Mysticism is surely one of the least understood types of religious experience. To have a mystical experienced is probably something totally foreign and even unimaginable to most of us. Or is it just that our spiritual practices have become so familiar and habitual that we are no longer capable of recognizing moments of mystical transcendence?
The literature by and about religious mystics testifies that certain privileged individuals have achieved their most intimate, powerful and life-transforming encounters with God in just this way—direct, face-to-face, as it were, and without the usual religious intermediaries or trappings. A mystical relationship with God or a higher power typically occurs beyond traditional spiritual beliefs and practices, and does not necessarily require knowledge of scripture, philosophy or dogma, or adherence to any code of behavior.
Some religious sects cultivate mental and physical exercises that can result in an other-worldly encounter with the divine through deep breathing, meditation, fasting, chanting, whirling, or sleep deprivation. Some achieve direct interaction with the non-physical, supra-personal realm by ingesting “sacred herbs” (peyote, mescaline, ayahuasca) either alone or as part of communal tribal rituals. Some of the most familiar accounts of mystical experience occur within the western Christian tradition, and these events typically strike nuns, monks, and lay people suddenly, without warning, in moments of solitude and silence, often while they are praying or meditating.
Whatever the source or circumstances, the characteristics of the mystical experience are amazingly similar. It is so deep, personal and other-worldly that it is typically described as, well, indescribable, ineffable, inexpressible, or unfathomable.
The mystic usually falls into something like a hypnotic trace in which she feels removed from the everyday world, loses her sense of selfhood and becomes totally immersed in union with the divine spirit. The feeling is one of rapture, ecstasy, bliss. The paradox of mysticism is that in trying to convey the experience, the mystic is forced to resort to the poetic language of metaphor and simile to describe the sensory aspects of the experience; thus she may experience a brilliant, blinding light, a physical warmth or burning sensation, ringing bells, angelic voices, or the smell of sweet, overpowering perfume.
Christian mystic Teresa of Avila left detailed accounts of her encounters with the divine. In one of them, she describes seeing an angel holding a spear with a tip of fire. “This he plunged into my heart several times so that it penetrated my entrails.” “The pain was so great,” she continues, “that I screamed aloud; but at the same time I felt such infinite sweetness that I wished the pain to last forever . . . It was the sweetest caressing of the soul by God.”
In descriptions of mystical experience, it is not uncommon to find this intermingling of pain with pleasure, along with a sense of submission and surrender, of being powerfully overcome, even ravished, at the peak moment of union with the divine beloved.
Which brings us to another paradox about mysticism: that is, how frequently spirit and flesh come together, clash, contradict and complicate each other. How often the body and soul seem to be struggling toward reconciliation through divine intervention.
Teresa’s Spanish compatriot, John of the Cross, uses the startling physical imagery of masculine lovers intertwined to describe a divine mystical encounter in his poem Dark Night:
Upon my flowery breast,
Kept wholly for himself alone,
There he stayed sleeping,
And I caressed him . . .
Andrew Harvey has explored the issue of sexuality and mysticism, and specifically gay sexuality and mysticism, in two books: The Essential Mystics and The Essential Gay Mystics.

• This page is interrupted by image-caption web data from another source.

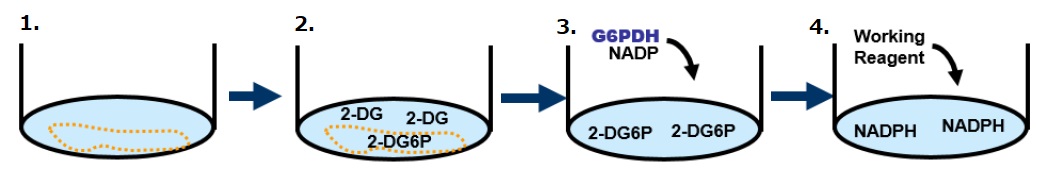 EnzyFluo Glucose Uptake Assay Kit（#EFGU-100）操作法概略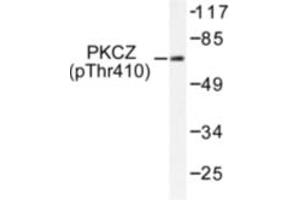 Image no. 1 for anti-Protein Kinase C, zeta (PRKCZ) (pThr410) antibody (ABIN318102) (PKC zeta Antikörper  (pThr410))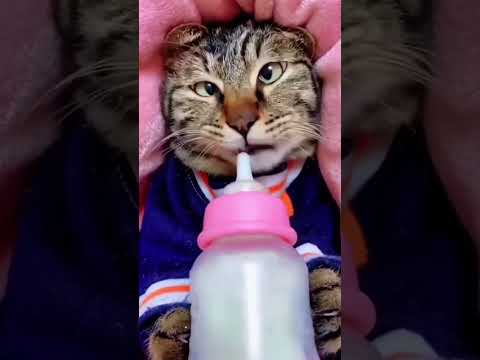Look this cute Cat 🤣🤣 #cat #cats #funny #funnyvideo #viral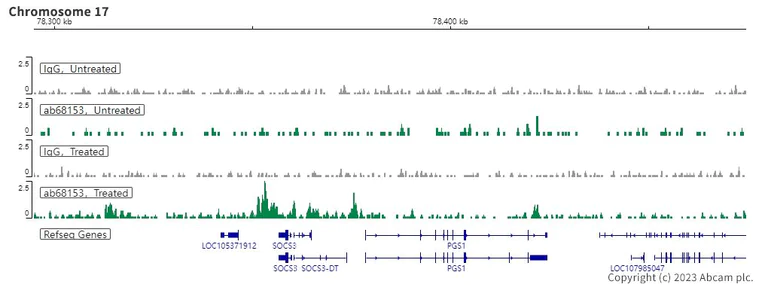 ChIC/CUT&RUN sequencing - Anti-STAT3 antibody [EPR787Y] - BSA and Azide free (AB171359)
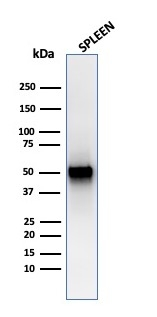 WB analysis of human spleen tissue lysate using GTX02733 Thymidine Phosphorylase antibody [rTYMP/3444].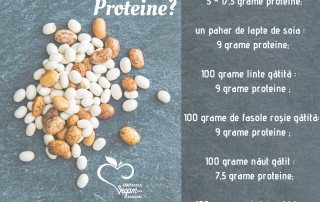 Informații nutriționale -Proteine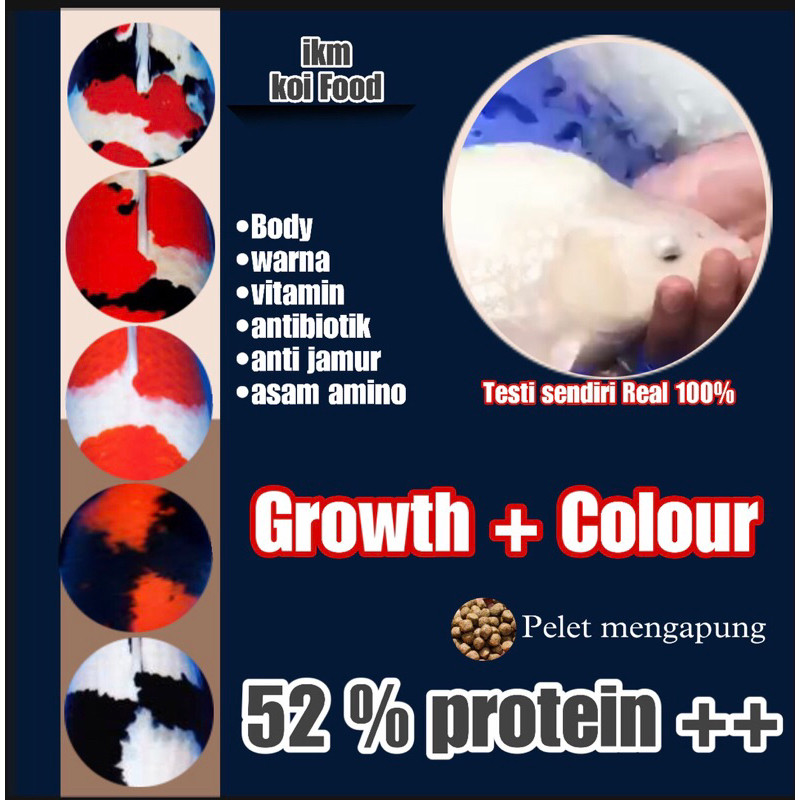 Pakan koi growth and colour - pelet koi protein tinggi - pakan colour CO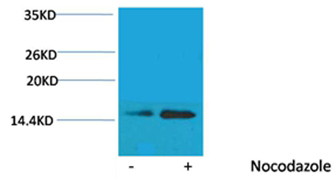 Histone H2B(Phospho-Ser32) Rabbit Polyclonal Antibody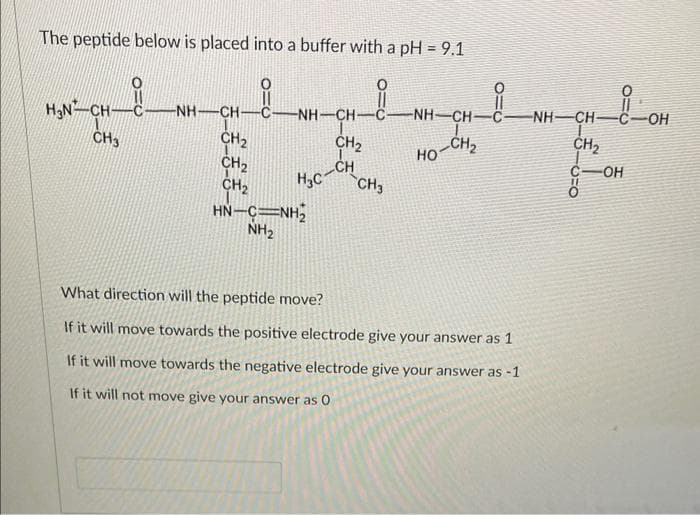 The peptide below is placed into a buffer with a pH = 9.1
i
H3N-CH-C- -NH–CH-CNH-CH-C-
CH3
CH₂
CH₂
CH₂
H₂C
HN-C=NH,
NH₂
CH₂
CH
CH3
NH—CH_{
HỌ-CH,
NH–CH C-OH
CH₂
1862
What direction will the peptide move?
If it will move towards the positive electrode give your answer as 1
If it will move towards the negative electrode give your answer as -1
If it will not move give your answer as 0
-OH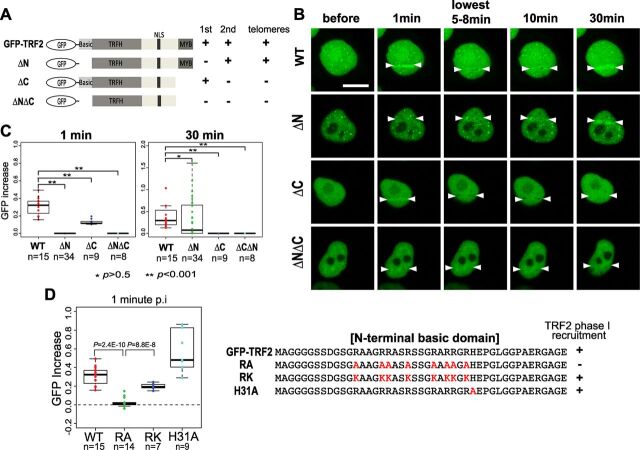 Fig. 2. Distinct TRF2 domain requirement for phase I and II recruitment. (A) Schematic diagrams of TRF2 deletion mutants. (B) Time course analysis of damage site localization (between arrowheads) of wild-type and TRF2 deletion mutants in the nuclei of HeLa cells. (C) Box plot shows quantification of TRF2 mutant GFP signals at damage sites at 1 min (phase I) and 30 min (phase II) post-damage induction. (D) Box plot shows quantification on the effects of the N-terminal amino acid substitutions on phase I recruitment of TRF2. Arginine-to-alanine mutations (RA), arginine-to-lysine substitution (RK) and the HJ binding mutation (H31A) were tested. WT, wild type. Amino acid sequences of N-terminal domain mutations are shown on the right. In box plots, the box represents the 25–75th percentiles, and the median is indicated. The whiskers represent the lowest datum still within 1.5× IQR (inter-quartile range) of the lower quartile, and the highest datum still within 1.5× IQR of the upper quartile. Scale bar: 10 μm.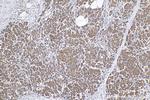 SLC16A13 Antibody in Immunohistochemistry (Paraffin) (IHC (P))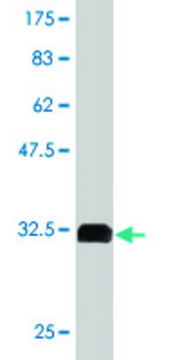 Monoclonal Anti-GPR154 antibody produced in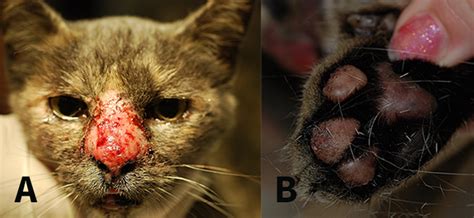 If your cat suffers from eosinophilic granuloma complex, its natural course can run the gamut, from a small ulcer to oozing lesions and masses resembling tumors. Image Gallery: Eosinophilic Granuloma Complex Lesions in ...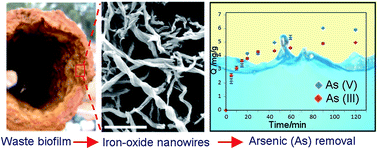 Graphical abstract: Bacterial iron-oxide nanowires from biofilm waste as a new adsorbent for the removal of arsenic from water
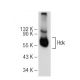 Hck Antibody (E-1) - Western Blotting - Image 73067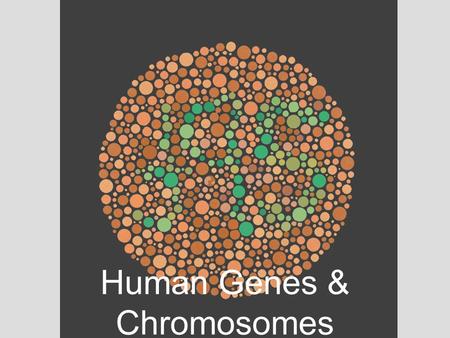 Human Genes & Chromosomes. Human Genetic Disorders Nondisjunction is a cause of some human genetic disorders –In nondisjunction, the members of a chromosome.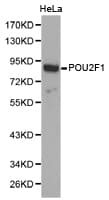 POU2F1 / OCT1 Antibody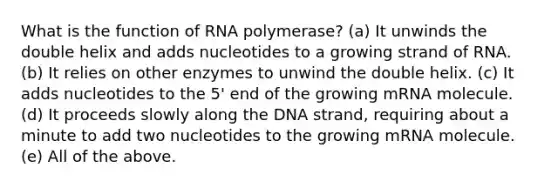 What is the function of RNA polymerase? (a) It unwinds the double helix and adds nucleotides to a growing strand of RNA. (b) It relies on other enzymes to unwind the double helix. (c) It adds nucleotides to the 5' end of the growing mRNA molecule. (d) It proceeds slowly along the DNA strand, requiring about a minute to add two nucleotides to the growing mRNA molecule. (e) All of the above.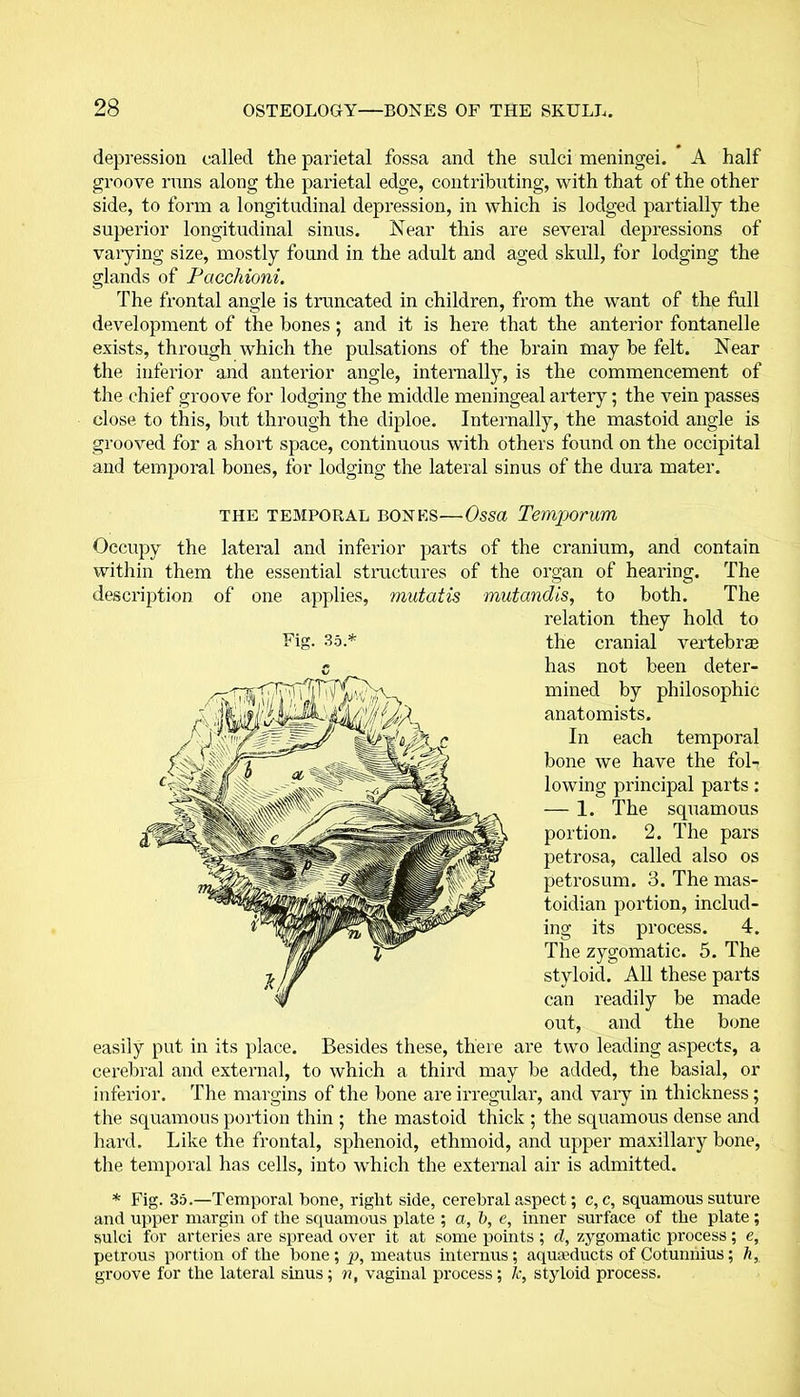 depression called the parietal fossa and the sulci meningei. A half groove runs along the parietal edge, contributing, with that of the other side, to form a longitudinal depression, in which is lodged partially the superior longitudinal sinus. Near this are several depressions of varying size, mostly found in the adult and aged skull, for lodging the glands of Pacchioni. The frontal angle is truncated in children, from the want of the full development of the hones; and it is here that the anterior fontanelle exists, through which the pulsations of the brain may be felt. Near the inferior and anterior angle, internally, is the commencement of the chief groove for lodging the middle meningeal artery; the vein passes close to this, but through the diploe. Internally, the mastoid angle is grooved for a short space, continuous with others found on the occipital and temporal bones, for lodging the lateral sinus of the dura mater. the temporal bones—Ossa Temporum Occupy the lateral and inferior parts of the cranium, and contain within them the essential structures of the organ of hearing. The description of one applies, mutatis mutandis, to both. The relation they hold to the cranial vertebra has not been deter- mined by philosophic anatomists. In each temporal bone we have the fol- lowing principal parts: — 1. The squamous portion. 2. The pars petrosa, called also os petrosum. 3. The mas- toidian portion, includ- ing its process. 4. The zygomatic. 5. The styloid. All these parts can readily be made out, and the bone easily put in its place. Besides these, there are two leading aspects, a cerebral and external, to which a third may be added, the basial, or inferior. The margins of the bone are irregular, and vary in thickness ; the squamous portion thin ; the mastoid thick ; the squamous dense and hard. Like the frontal, sphenoid, ethmoid, and upper maxillary bone, the temporal has cells, into which the external air is admitted. * Fig. 35.—Temporal bone, right side, cerebral aspect; c, c, squamous suture and upper margin of the squamous plate ; a, b, e, inner surface of the plate ; sulci for arteries are spread over it at some points; d, zygomatic process; e, petrous portion of the bone; p, meatus internus; aquteducts of Cotunnius; h, groove for the lateral sinus; n, vaginal process; k, styloid process.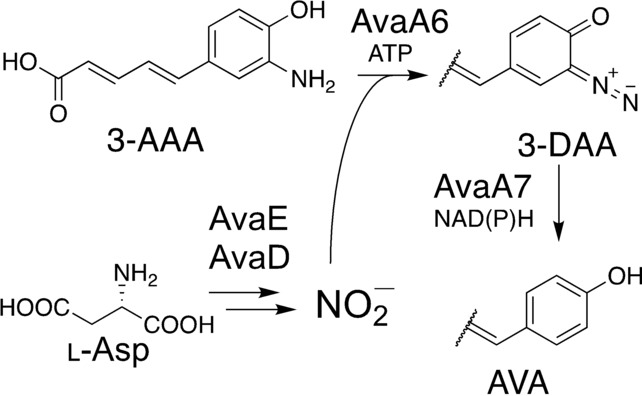 Bacterial Avenalumic Acid Biosynthesis Includes Substitution of an Aromatic Amino Group for Hydride by Nitrous Acid Dependent Diazotization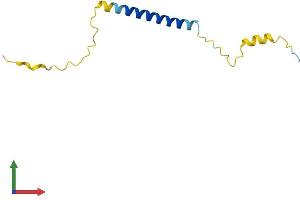 AlphaFold protein structure predicition of Mouse Recombinant Smagp Protein, UniprotID Q99KC7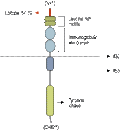 Guinea Pig Anti-TrkB (extracellular) Antibody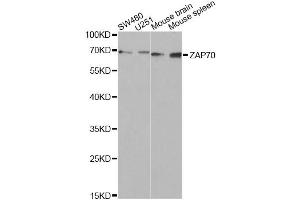Western blot analysis of extracts of various cell lines, using ZAP70 Antibody (ABIN5971221) at 1/1000 dilution. (ZAP70 anticorps)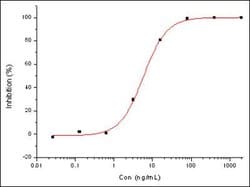 MERS-CoV/NCov Spike Protein Rabbit anti-MERS-CoV, Clone: 723, Novus Biologicals
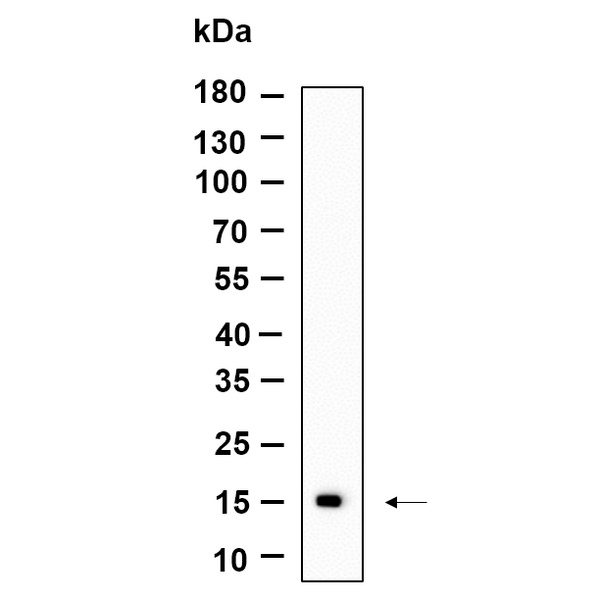 U-Blot® CLEC2B Rabbit Monoclonal Antibody – Figure 1 of 1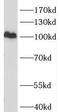 Minichromosome Maintenance 10 Replication Initiation Factor antibody, FNab05055, FineTest, Western Blot image 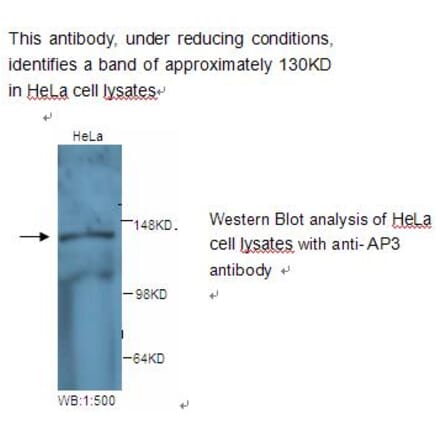 AP3 Antibody from Signalway Antibody (39236) - Antibodies.com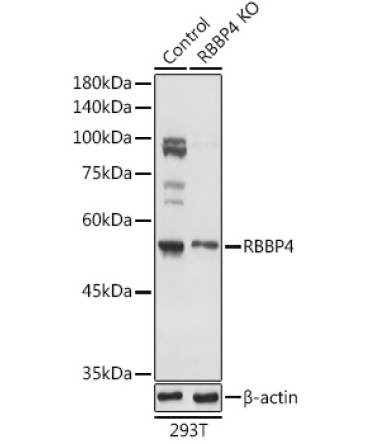 RBBP4 Rabbit Polyclonal Antibody [KO Validated]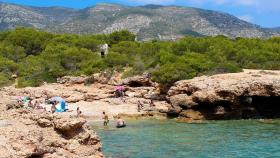 El paraíso del 'snorkel' que se esconde en Castellón: 8 km de playas vírgenes con peces protegidos desde 2002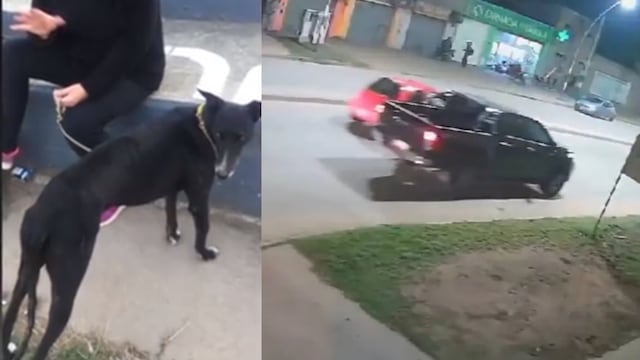 El momento se viralizó en las redes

Harvey sees gay mysticism as involving a “marriage of the masculine and feminine within each one of us,” the result being a rejection of “the old separations between heaven and earth, body and spirit, heart and mind.” For Harvey, Walt Whitman is “the pivotal visionary in the history of gay mysticism.”
Harvey notes that “Many shamans were and are homosexual.” They were “accepted and even specially revered as priests, oracles, healers and diviners.” Furthermore, they “were seen as sacred—people who, by virtue of a mysterious fusion of feminine and masculine traits, participated with particular intensity in the life of the Source.”
In “Shamanism: Archaic Techniques of Ecstasy,” Mircea Eliade reports that certain shamans who dress and behave like women “combine in their own person the feminine element (earth) and the masculine element (sky).” The ecstatic experience of the shaman, he continues, “re-establishes the primordial condition of all mankind,” and represents a “reversion to the mystical age of the lost paradise.”
In the past, there have been attempts to explain mystical experience by demonizing it. It has been called a form of madness, hysteria, even possession, a feature of deranged minds. More recently, scientists and medical professionals have probed the brain for a neurobiological explanation.
However we explain, or fail to explain, the mysteries of mysticism, it deserves our respect as a true variety of religious experience. In fact, in “The Varieties of Religious Experience,” William James concludes that mystical states are “gifts to our spirit” and may be “the truest of insights into the meaning of this life.”
Joseph Quinn is a retired technical writer and editor who lives in Center City. He volunteers with the William Way Community Center and the LGBT Elder Initiative (LGBTEI).